# EXERCISE GOAL:
From the records below, extract only the lines running from the line with "glasses showing a city in the lens" to the line with "mutter hilft kind bei hausaufgaben am laptop", both lines included, reproducing them exactly.

# DATA FOR PROCESSING:
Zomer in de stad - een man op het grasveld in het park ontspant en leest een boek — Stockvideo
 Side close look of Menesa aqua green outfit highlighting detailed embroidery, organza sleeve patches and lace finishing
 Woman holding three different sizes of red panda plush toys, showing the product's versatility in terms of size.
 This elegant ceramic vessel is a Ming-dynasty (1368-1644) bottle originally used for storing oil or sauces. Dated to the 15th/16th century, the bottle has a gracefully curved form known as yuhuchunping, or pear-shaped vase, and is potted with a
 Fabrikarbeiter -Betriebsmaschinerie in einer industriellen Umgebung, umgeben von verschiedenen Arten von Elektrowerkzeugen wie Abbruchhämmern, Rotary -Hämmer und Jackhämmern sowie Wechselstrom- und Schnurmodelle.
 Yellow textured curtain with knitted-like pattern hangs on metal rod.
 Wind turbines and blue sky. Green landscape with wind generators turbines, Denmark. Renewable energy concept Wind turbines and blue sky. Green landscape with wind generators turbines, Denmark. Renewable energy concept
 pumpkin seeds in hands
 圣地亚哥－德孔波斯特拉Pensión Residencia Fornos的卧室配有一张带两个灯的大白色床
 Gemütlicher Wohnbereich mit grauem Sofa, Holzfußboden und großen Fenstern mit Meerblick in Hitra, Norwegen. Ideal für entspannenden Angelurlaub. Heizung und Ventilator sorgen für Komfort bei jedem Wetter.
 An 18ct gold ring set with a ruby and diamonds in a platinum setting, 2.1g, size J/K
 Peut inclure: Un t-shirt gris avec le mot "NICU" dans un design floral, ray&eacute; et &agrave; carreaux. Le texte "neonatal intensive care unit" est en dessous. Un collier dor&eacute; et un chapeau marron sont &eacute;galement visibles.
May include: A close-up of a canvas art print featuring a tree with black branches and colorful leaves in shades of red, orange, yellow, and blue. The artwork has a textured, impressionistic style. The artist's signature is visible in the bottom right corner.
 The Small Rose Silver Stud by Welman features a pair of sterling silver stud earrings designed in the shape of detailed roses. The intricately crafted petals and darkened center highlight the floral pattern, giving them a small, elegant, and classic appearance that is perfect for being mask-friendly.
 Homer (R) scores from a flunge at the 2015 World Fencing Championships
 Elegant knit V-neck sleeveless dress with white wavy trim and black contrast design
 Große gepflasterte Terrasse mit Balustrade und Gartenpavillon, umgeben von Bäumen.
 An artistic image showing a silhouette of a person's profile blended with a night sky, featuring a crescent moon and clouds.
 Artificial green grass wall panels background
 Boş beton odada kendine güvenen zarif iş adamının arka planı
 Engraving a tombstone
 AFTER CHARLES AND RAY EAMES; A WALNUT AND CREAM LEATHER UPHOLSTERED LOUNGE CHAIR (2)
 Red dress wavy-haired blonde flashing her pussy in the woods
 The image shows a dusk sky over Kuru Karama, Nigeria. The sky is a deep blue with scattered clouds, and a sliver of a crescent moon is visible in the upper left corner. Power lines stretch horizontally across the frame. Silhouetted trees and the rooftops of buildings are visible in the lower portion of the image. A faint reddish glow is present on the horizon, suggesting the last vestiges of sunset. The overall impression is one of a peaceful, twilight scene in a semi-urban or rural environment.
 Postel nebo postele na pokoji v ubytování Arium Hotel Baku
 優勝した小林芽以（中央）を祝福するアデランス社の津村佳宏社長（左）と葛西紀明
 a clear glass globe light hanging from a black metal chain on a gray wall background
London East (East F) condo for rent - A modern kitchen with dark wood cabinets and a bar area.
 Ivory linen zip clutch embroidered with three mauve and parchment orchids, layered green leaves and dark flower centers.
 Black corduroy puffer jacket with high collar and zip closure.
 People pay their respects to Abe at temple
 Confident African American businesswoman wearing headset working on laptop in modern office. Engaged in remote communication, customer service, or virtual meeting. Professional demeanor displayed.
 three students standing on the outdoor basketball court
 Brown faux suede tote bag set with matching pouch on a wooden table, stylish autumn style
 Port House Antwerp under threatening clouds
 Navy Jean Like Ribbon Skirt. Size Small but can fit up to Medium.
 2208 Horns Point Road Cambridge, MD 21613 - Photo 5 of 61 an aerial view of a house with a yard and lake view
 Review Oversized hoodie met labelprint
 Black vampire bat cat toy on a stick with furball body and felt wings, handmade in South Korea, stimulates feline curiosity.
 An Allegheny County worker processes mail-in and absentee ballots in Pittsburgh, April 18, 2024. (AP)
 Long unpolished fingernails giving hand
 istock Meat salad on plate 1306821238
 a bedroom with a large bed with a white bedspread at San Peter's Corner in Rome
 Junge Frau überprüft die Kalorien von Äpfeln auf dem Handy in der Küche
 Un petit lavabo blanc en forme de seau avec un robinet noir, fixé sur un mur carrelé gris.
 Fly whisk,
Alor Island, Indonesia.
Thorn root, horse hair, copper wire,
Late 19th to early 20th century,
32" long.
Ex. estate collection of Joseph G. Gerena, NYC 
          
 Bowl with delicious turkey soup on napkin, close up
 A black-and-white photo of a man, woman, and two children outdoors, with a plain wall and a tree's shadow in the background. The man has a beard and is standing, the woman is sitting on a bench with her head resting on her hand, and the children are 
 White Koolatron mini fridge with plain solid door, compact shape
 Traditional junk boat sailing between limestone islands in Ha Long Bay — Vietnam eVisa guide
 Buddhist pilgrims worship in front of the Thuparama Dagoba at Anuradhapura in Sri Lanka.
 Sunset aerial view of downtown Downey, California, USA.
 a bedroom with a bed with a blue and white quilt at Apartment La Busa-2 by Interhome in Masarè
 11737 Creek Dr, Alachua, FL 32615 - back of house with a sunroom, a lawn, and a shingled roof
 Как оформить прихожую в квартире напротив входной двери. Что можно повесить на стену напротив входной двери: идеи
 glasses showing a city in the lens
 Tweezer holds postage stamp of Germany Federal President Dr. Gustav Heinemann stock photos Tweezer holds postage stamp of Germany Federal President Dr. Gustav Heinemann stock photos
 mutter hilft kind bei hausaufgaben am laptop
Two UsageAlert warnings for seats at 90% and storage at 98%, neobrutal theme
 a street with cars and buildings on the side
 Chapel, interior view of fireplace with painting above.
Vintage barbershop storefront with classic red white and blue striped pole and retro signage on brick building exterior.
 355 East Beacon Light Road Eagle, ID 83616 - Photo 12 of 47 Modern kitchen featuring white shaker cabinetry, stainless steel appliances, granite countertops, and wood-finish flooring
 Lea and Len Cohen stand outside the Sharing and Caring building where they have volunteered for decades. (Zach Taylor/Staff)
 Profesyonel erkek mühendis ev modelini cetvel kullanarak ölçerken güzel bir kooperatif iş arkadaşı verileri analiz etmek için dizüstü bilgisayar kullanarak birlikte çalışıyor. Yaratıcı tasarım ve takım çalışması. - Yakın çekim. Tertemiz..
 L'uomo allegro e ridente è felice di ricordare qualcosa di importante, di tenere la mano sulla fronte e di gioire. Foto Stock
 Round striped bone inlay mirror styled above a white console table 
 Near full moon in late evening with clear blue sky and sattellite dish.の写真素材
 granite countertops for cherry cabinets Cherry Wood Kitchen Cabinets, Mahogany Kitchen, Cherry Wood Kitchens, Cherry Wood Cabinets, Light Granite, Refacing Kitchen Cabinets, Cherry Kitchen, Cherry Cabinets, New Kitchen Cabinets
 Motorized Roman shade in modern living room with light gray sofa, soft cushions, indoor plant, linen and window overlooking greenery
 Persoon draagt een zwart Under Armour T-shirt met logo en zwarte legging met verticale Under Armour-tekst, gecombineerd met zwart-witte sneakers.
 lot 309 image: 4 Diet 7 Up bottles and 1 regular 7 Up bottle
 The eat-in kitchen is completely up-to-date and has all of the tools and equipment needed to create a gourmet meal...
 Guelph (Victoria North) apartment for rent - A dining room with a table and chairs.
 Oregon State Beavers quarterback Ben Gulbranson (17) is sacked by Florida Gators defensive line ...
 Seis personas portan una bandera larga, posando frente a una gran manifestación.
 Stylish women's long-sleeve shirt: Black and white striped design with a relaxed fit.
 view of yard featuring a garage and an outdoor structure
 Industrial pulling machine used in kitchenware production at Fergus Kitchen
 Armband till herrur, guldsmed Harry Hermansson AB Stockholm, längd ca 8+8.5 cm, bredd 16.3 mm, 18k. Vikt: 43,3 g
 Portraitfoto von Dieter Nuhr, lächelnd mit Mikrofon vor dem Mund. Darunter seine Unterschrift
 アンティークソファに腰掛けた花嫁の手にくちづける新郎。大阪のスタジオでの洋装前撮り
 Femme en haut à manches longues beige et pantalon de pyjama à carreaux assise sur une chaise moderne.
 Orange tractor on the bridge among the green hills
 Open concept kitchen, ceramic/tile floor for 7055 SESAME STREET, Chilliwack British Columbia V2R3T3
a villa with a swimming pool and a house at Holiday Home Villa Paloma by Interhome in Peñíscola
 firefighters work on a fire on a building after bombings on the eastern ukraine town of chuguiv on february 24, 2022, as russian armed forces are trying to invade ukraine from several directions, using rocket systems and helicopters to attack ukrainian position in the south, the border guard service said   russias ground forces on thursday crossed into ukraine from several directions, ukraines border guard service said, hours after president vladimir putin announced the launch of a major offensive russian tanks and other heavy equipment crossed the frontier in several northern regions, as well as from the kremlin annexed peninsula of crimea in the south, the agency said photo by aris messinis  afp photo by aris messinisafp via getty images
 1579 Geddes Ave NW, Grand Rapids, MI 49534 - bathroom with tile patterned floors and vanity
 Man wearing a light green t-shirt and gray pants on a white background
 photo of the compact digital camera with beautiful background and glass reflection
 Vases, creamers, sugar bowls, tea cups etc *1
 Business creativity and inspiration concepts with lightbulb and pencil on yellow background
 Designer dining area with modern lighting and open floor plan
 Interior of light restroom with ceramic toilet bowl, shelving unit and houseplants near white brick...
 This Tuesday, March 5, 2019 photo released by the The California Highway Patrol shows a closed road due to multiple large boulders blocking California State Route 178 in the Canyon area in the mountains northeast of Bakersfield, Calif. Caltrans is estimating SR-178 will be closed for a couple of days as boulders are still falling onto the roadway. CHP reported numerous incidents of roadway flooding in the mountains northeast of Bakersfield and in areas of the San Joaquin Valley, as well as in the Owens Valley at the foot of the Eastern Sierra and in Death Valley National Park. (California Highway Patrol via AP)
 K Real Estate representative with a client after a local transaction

# RESULT:
 glasses showing a city in the lens
 Tweezer holds postage stamp of Germany Federal President Dr. Gustav Heinemann stock photos Tweezer holds postage stamp of Germany Federal President Dr. Gustav Heinemann stock photos
 mutter hilft kind bei hausaufgaben am laptop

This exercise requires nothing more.